Spain’s Labour Minister Yolanda Díaz has said the government could review the national minimum wage again within six months if inflation makes it necessary, signalling that further action remains possible if rising prices reduce workers’ purchasing power. Díaz made the remarks during the closing session of the II Congreso Nacional de Relevo Generacional del Trabajo Autónomo in Vilagarcía de Arousa, in the province of Pontevedra.

Speaking at the event, she said the minimum wage had recently been increased and could be revisited under existing legislation if economic conditions required it. According to reports of the speech, Díaz said: “We have just raised the minimum wage; if we have to review it in six months, as the law allows, we will do so.”

Government leaves door open to further intervention

Her comments indicate that the government is prepared to consider another adjustment if inflation remains elevated or accelerates in the coming months. Spain’s minimum wage, known as the Salario Mínimo Interprofesional (SMI), is reviewed periodically and can be changed by the government after consultation with unions and employers. The latest increase was introduced earlier this year as part of the coalition government’s broader wage policy. Ministers have repeatedly argued that stronger minimum pay is necessary to protect low-income workers and support domestic demand during periods of economic pressure.

Díaz has been one of the leading advocates of regular rises in the SMI since entering government, presenting higher minimum wages as a way to improve living standards and reduce in-work poverty.

Inflation remains central issue

The possibility of a further review reflects continuing concern over inflation and its effect on household budgets. Although price growth has eased from earlier peaks seen across Europe, food, housing and energy costs remain a major issue for many families.

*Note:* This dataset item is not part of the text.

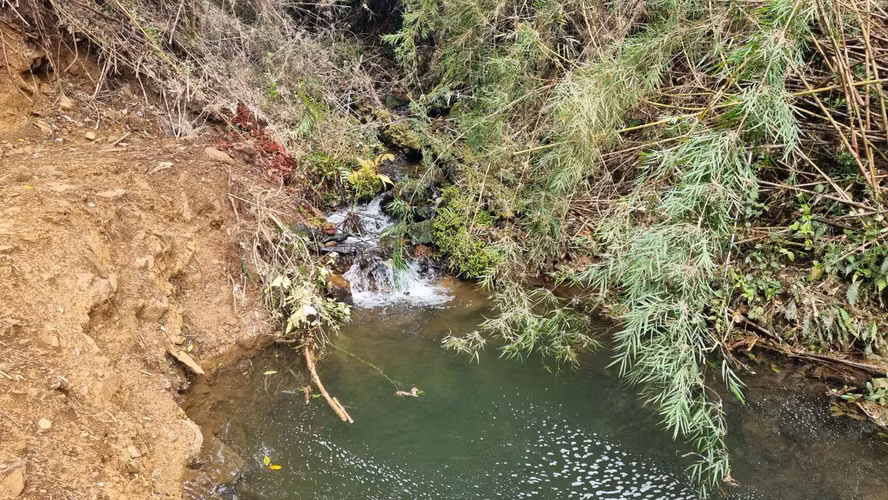 Parcela Sector Los Guindos con Estero - Imagen 12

When inflation rises faster than wages, workers experience a fall in real purchasing power, meaning earnings buy fewer goods and services. Governments often face pressure in such circumstances to increase public support, adjust pensions or raise statutory pay floors. Díaz said wage negotiations should continue to take inflation into account. She also stated that pensions would be revalued in line with price increases, maintaining the government’s existing commitment to pension indexation.

Debate between unions and employers likely to continue

Any future increase in the minimum wage would be subject to political and economic debate. Trade unions have generally supported repeated rises, arguing that stronger wage growth is needed to match the cost of living and ensure that economic growth is more widely shared.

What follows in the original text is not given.